Share your dilemmas and get honest opinions from other Mumsnetters.

"I just want you to be submissive sometimes"

246 replies

Peanutbutternut · 07/04/2018 10:50

AIBU or has my DP lost the plot!?!

Maybe I am BU but he's really fucked me off with this comment.

Sorry I need to rant Grin (Please excuse my language)

DP has always tried to be controlling with me. It's an endless string of behaviours over the years but the general consensus is that he is often selfish, it's 'his way or the highway', ignores any suggestions I make, has to be in charge, interrupts me constantly etc. I'm sure he probably was like it in previous relationships (and probably got away with it). He's similar with his parents too.

For example today we were looking for a certain building. I found and pointed out the building to him (which was clearly visible) He completely ignored me and asked a man in the street where the building was. Leaving me a bit Angry I point out his behaviour and he says "Oh well, I would have asked him anyway".

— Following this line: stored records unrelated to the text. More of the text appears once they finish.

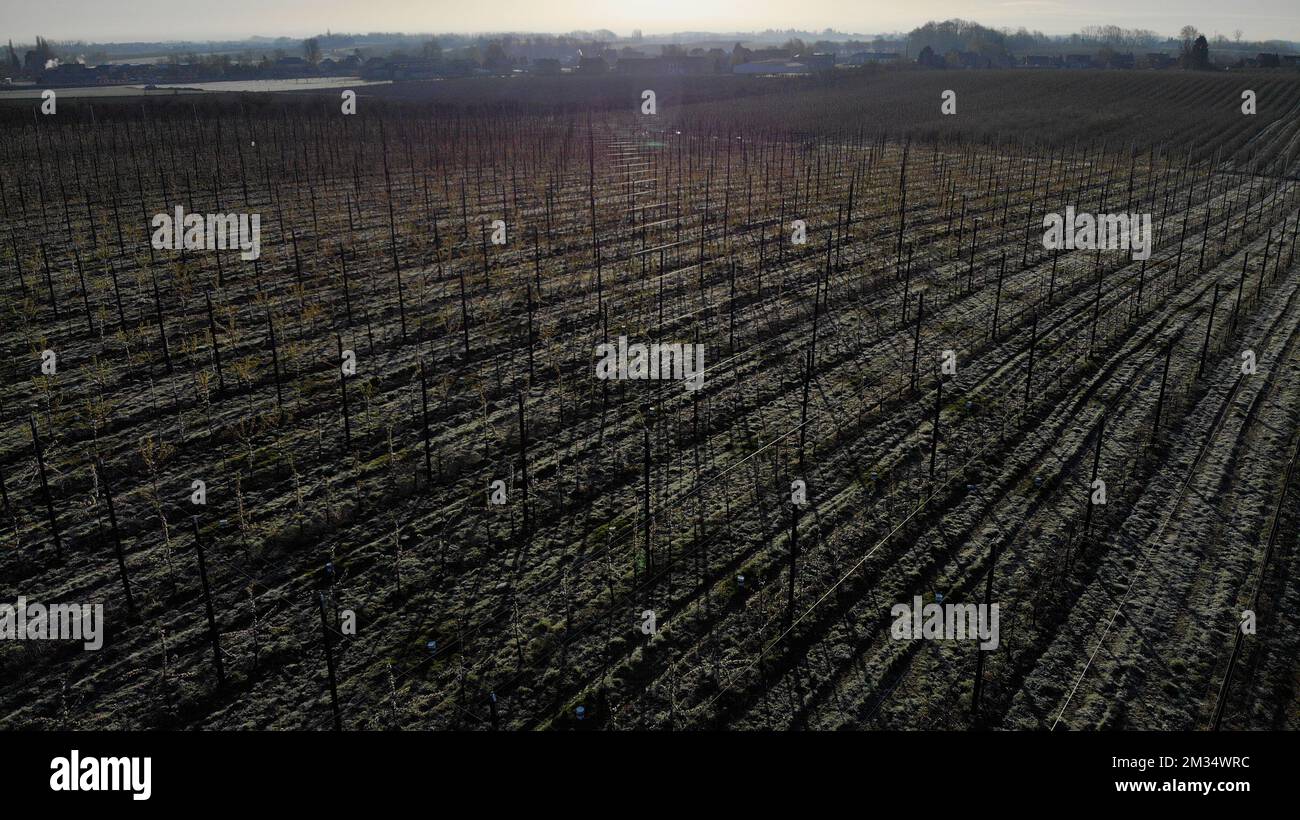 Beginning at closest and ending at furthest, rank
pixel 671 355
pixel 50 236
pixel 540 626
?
pixel 540 626 → pixel 671 355 → pixel 50 236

He not too keen on strong women/feminism etc which really pisses me off and I think is an outdated fucking moron opinion.

I'd say I'm fairly tough/will stand up for myself and I think this is the problem. I think ultimately we're incompatible.

The thing is that he completely acknowledges that he's controlling, but insists that there's nothing wrong with it and that I should "just be submissive sometimes". He insists that it's just his personality.

He says that he needs to be the dominant person in the relationship because they are all dominant/submissive under the surface. He doesn't acknowledge that he is the fucking problem!

Maybe a lot of relationships ARE like that but I'd rather have an equal one!!

I try not to put up with the controlling behaviour and confront him when he's trying it.. which ALWAYS leads to him getting upset/annoyed. It often feels like a power struggle which is just childish and tedious.

He then refuses to make up with me and insists that I make an effort to make up because 'he's bad at it'... nothing to do with his fucking pride I'm sure.

Our relationship is on thin ice at the moment due to me sticking up for myself more regularly during the past few months. And I have being calling him out on his behaviour.

Maybe I'm the problem for being 'too stubborn' as he says. I genuinely don't know anymore!!

I feel like I'm dating an insecure 14 year old boy sometimes, not a 36 year old manConfused

Other times are fine, but this behaviour is ingrained in everyday life. We've had a good few happy years. No kids yet but talk of marriage. This is what has me thinking.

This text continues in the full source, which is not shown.